Following up on the introductory note in my last post about politics, I thought of one way I would like to become more responsible as a citizen. It’s something I’ve had in mind for a while, and something that will take a lot of time, but I’d like to start.

I admire President Obama for a number of reasons, but one early thing that he did really stuck with me in particular. He shared The Blueprint For Change, a written account of various issues and his position on each one.

Here’s my plan

I’d like to make my own blueprint. A "Blueprint For Citizenship". Because when I read the news, I have feelings — but I rarely do anything about those feelings. I never bother to articulate them. I just go back to my own work, my own life. That doesn’t feel like good citizenship.

To sprinkle a bit of typography in here, Jan Tschichold wrote:

Feelings remain rather unproductive unless they can inspire a secure judgment. Feelings have to mature into knowledge about the consequences of [decisions].

Voting, and arguing about politics, based on feelings is immature. I would rather vote using knowledge about the consequences of putting certain individuals in charge to represent me.

So I got started today by visiting this page at about state and local government. I found two kinds of things on that page that are going to help me with my personal Blueprint.

First, mixed into the text, I found a variety of government institutions and positions mentioned (lieutenant governor, attorney general, secretary of state, auditors, commissioners, senate, assembly, etc.). I’m going to learn more about these, and specifically the ones in my own community.

Secondly, in the footer of the page there’s a list of issues (which can also be found here).

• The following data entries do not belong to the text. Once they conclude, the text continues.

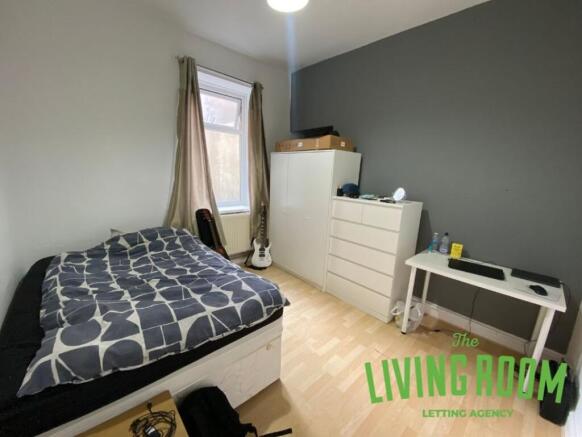 bedroom (2)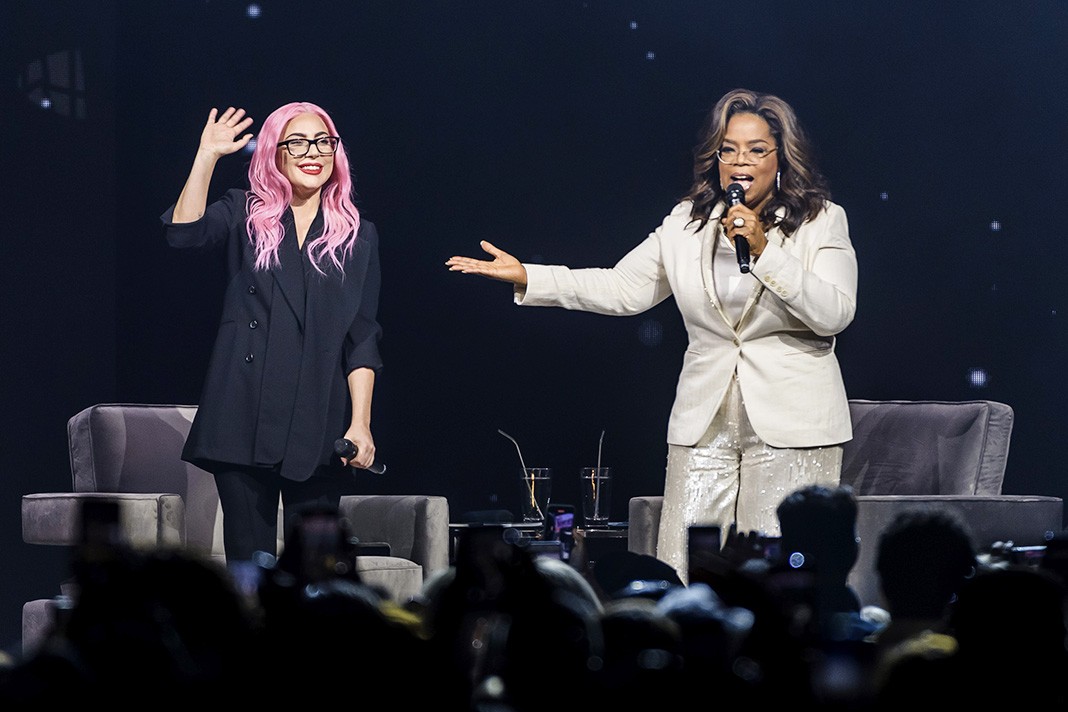 Леди Гага, Опра Уинфри во время тура Oprah's 2020 Vision: Your Life in Focus в Санрайзе, 4 января 2020 г.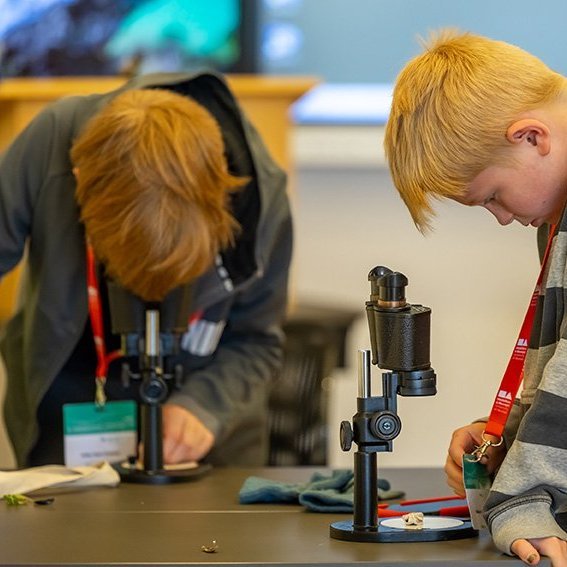 Vísindaskóli unga fólksins 2024. Mynd: Axel Darri Þórhallsson fyrir Vísindaskólann.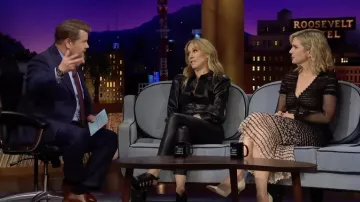 Vestido usado por Rhea Seehorn como se ve en The Late Late Show with James Corden el 19 de mayo de 2022
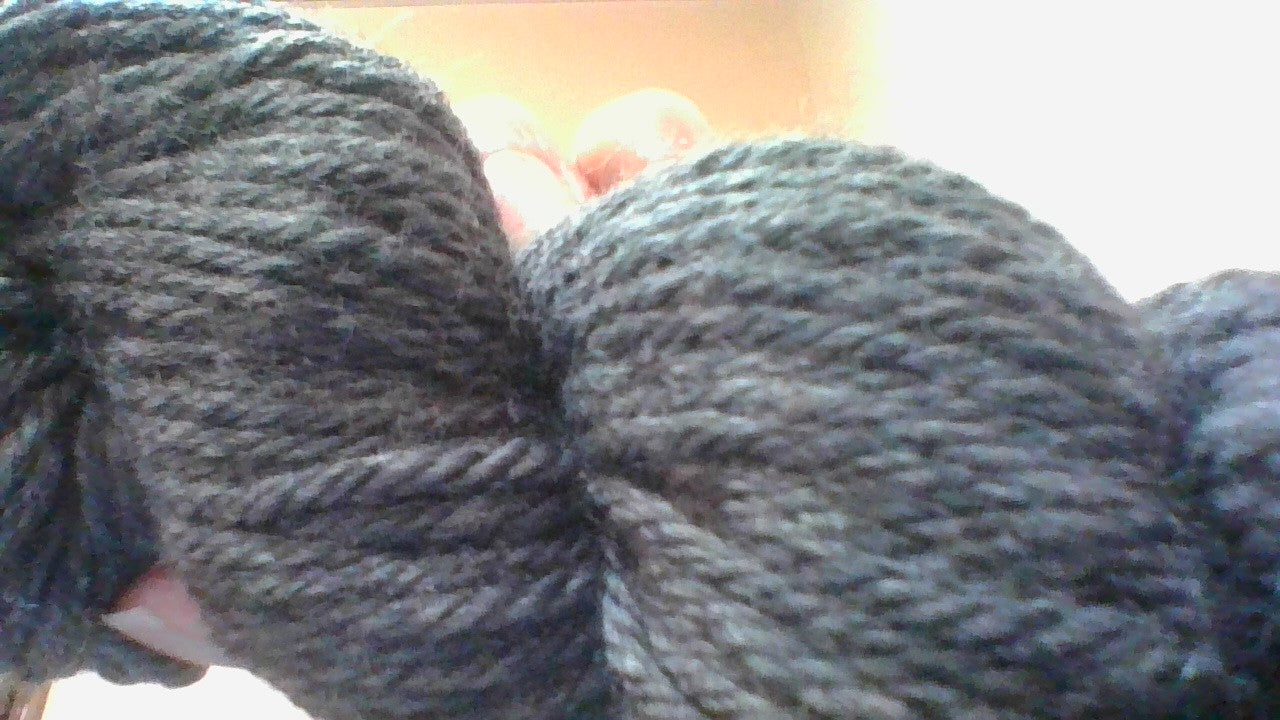 Cascade 220 Superwash Aran - 900 Charcoal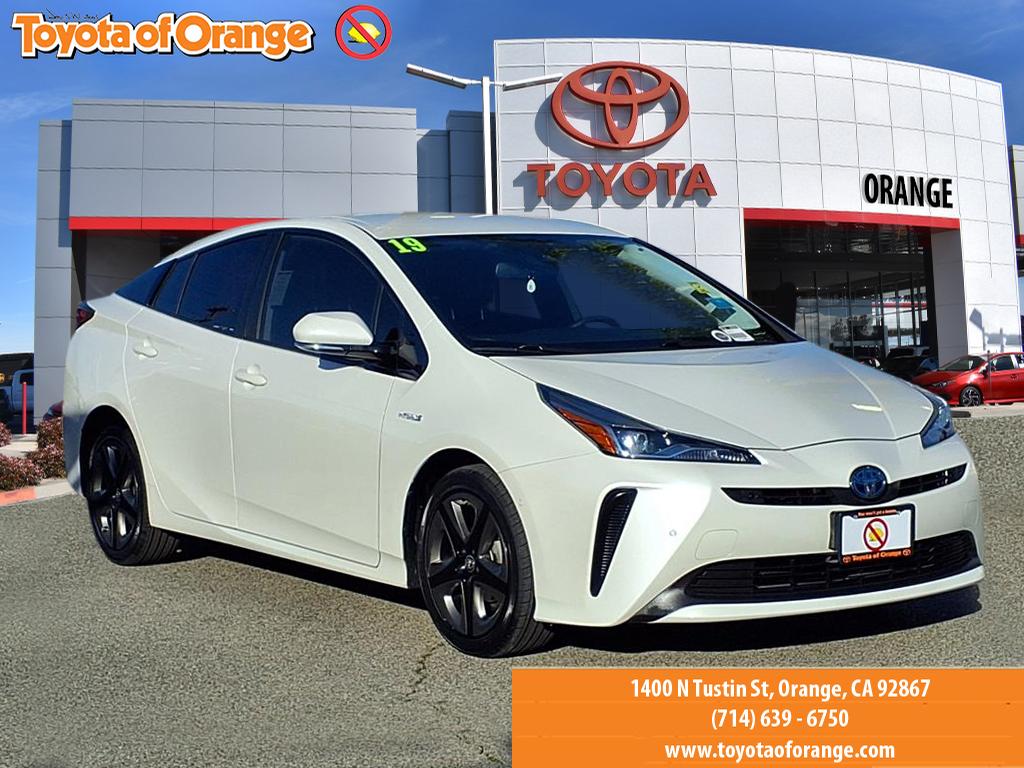 2019 Toyota Prius XLE's photo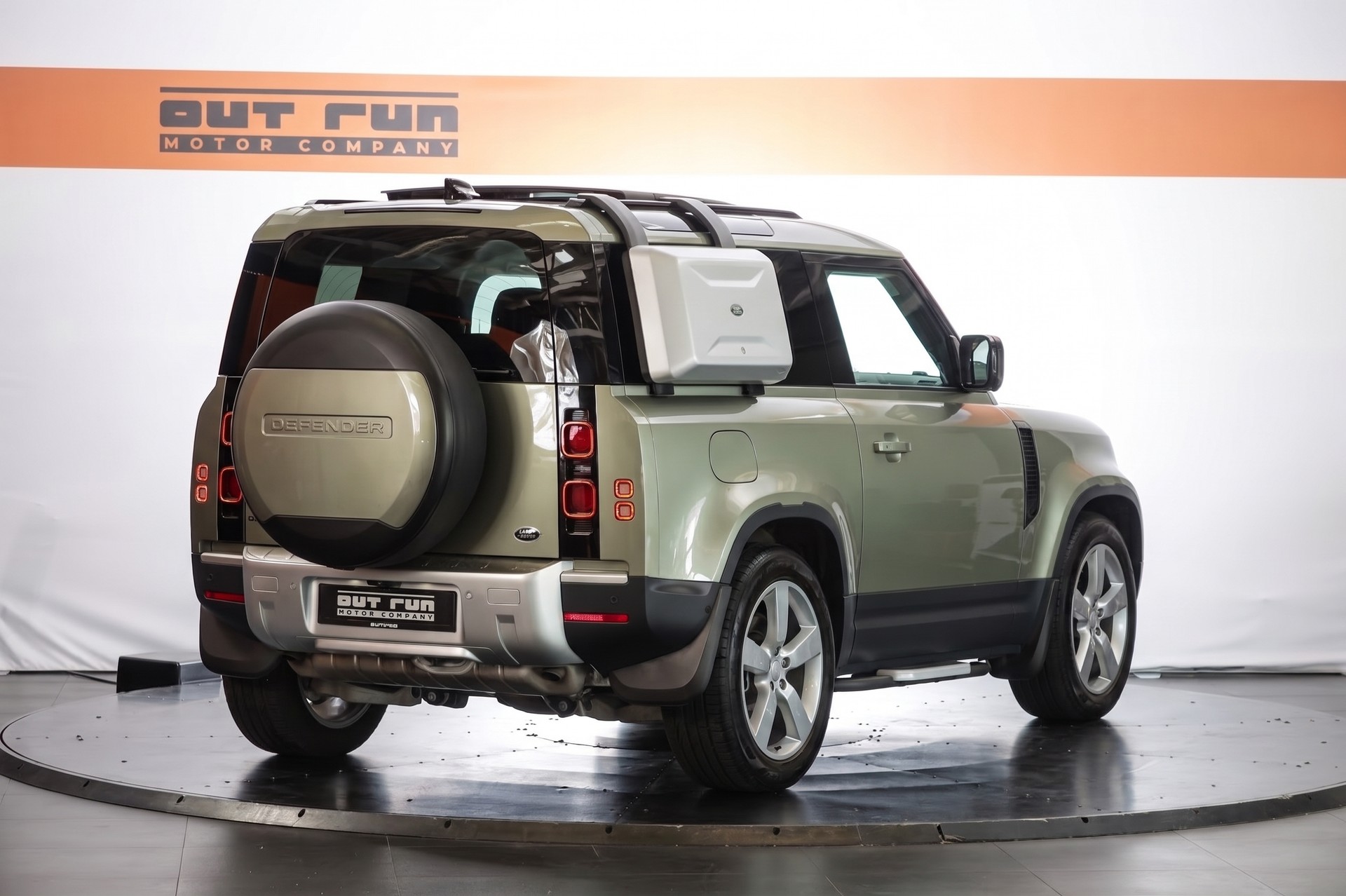 LAND ROVER Defender 90 P400 I6 HSE 3.0 AT8-image-4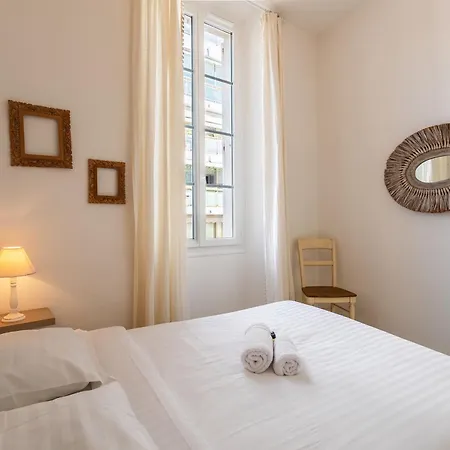 Apartamento Freres Pradignaclat1101 *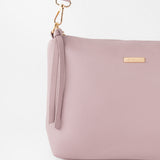 Cartera crossbody lila con correa tejida
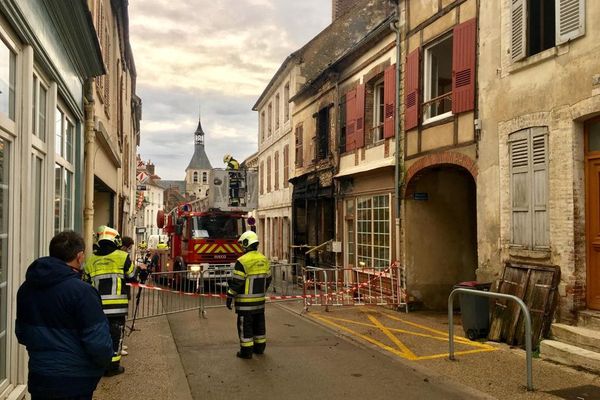 L'incendie a mobilisé une soixantaine de pompiers.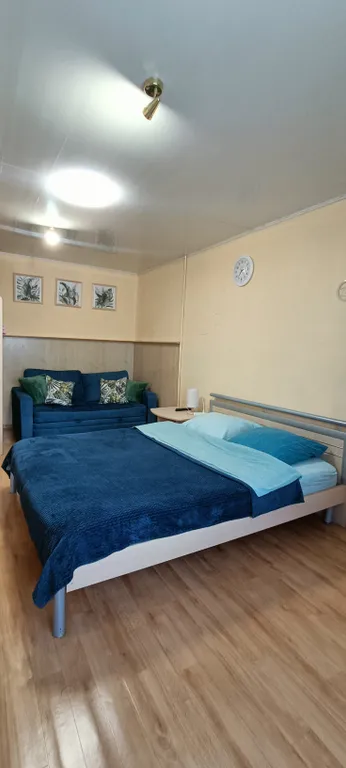 В центре с балконом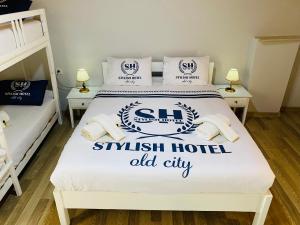 伊斯坦布尔Stylish Hotel Old City的宿舍间的一张床位,配有两张双层床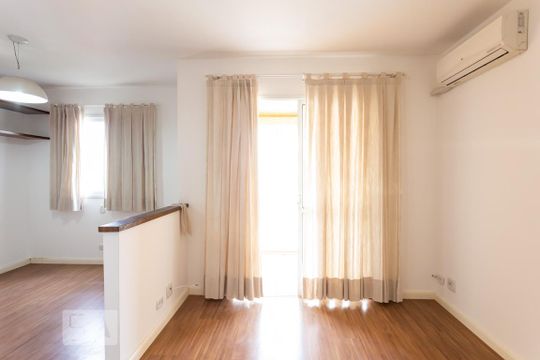 Sala de apartamento para alugar com 2 quartos, 78m² em Caxingui, São Paulo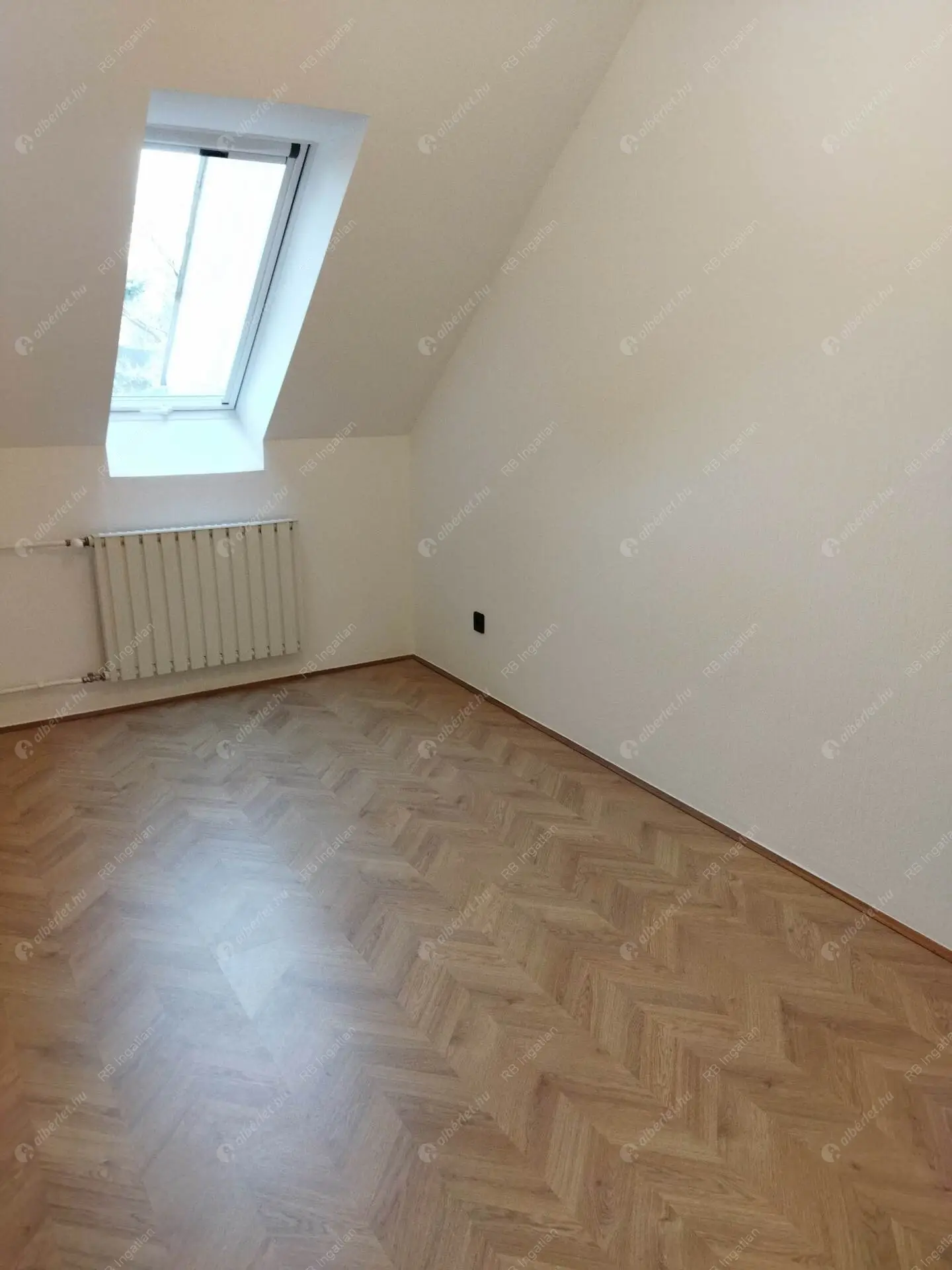 Kiadó albérlet 952000 Ft/hó áron: Budapest, II. kerület  Zöldkő utca. Mérete: 230 nm, 5 szobás | Alberlet.hu - 6468412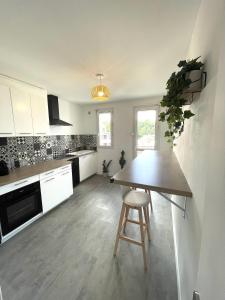 A kitchen or kitchenette at Le Châteaucreux - Cosy & SPA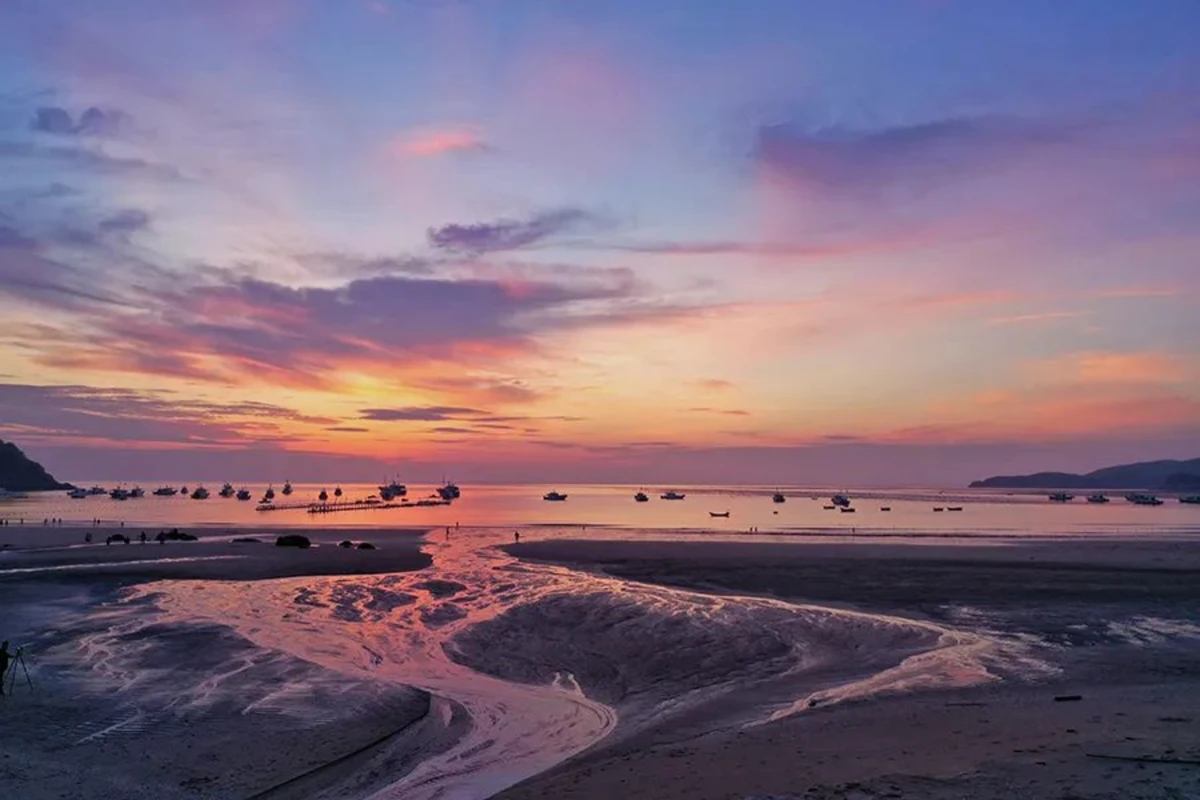 奔赴山海 无尽蓝绿丨1538 拷贝.jpg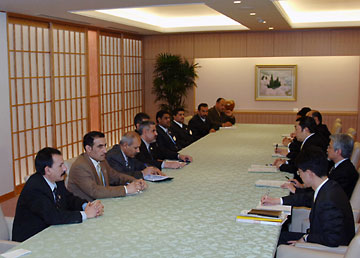 （写真）ムハンマド・H・ムハンマド・イラク・ムサンナー県知事補佐官他9名の金田副大臣表敬（平成18年3月30日）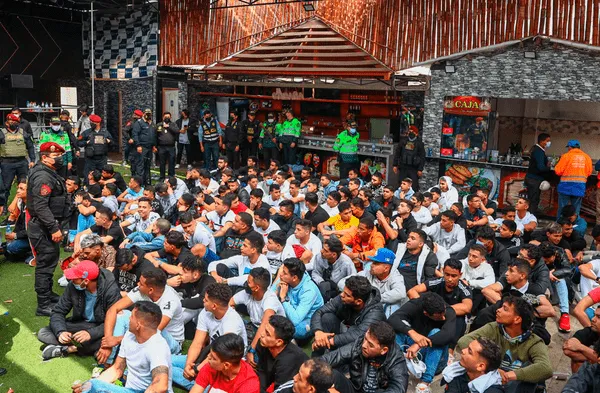 Más de 200 extranjeros detenidos en discoteca de SJL serán deportados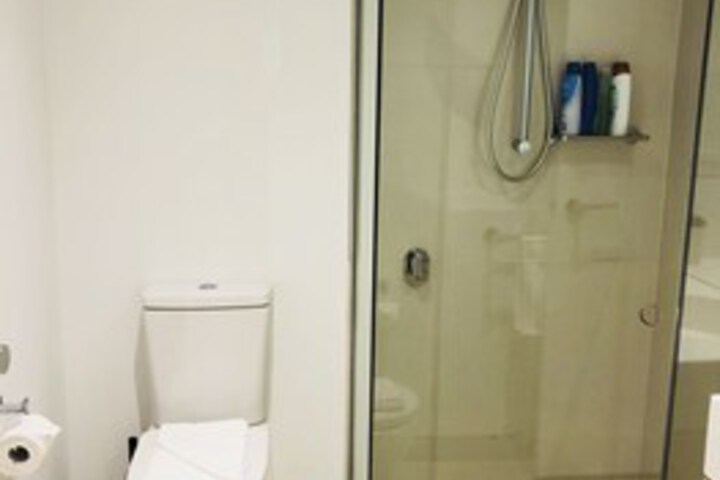 Room 6 of 31
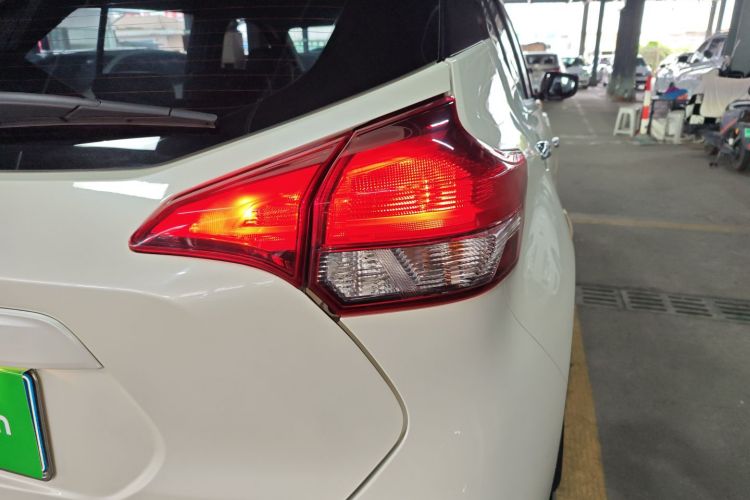 Nissan Kicks 2017 imagen de coche #8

I’m going to use this list, as well as President Obama’s original Blueprint, to come up with my own list of issues, so that I can gradually articulate my position on each one.

It’s embarrassing to admit that I have been an irresponsible citizen. I wish that I had paid more attention in school, and in scouts. Community stuff always bored me. I didn’t realize how much my attention mattered. But I want to be better. Owning my shortcomings is a good first step, and if I can encourage others by sharing these ideas about how I’m trying to change — even better.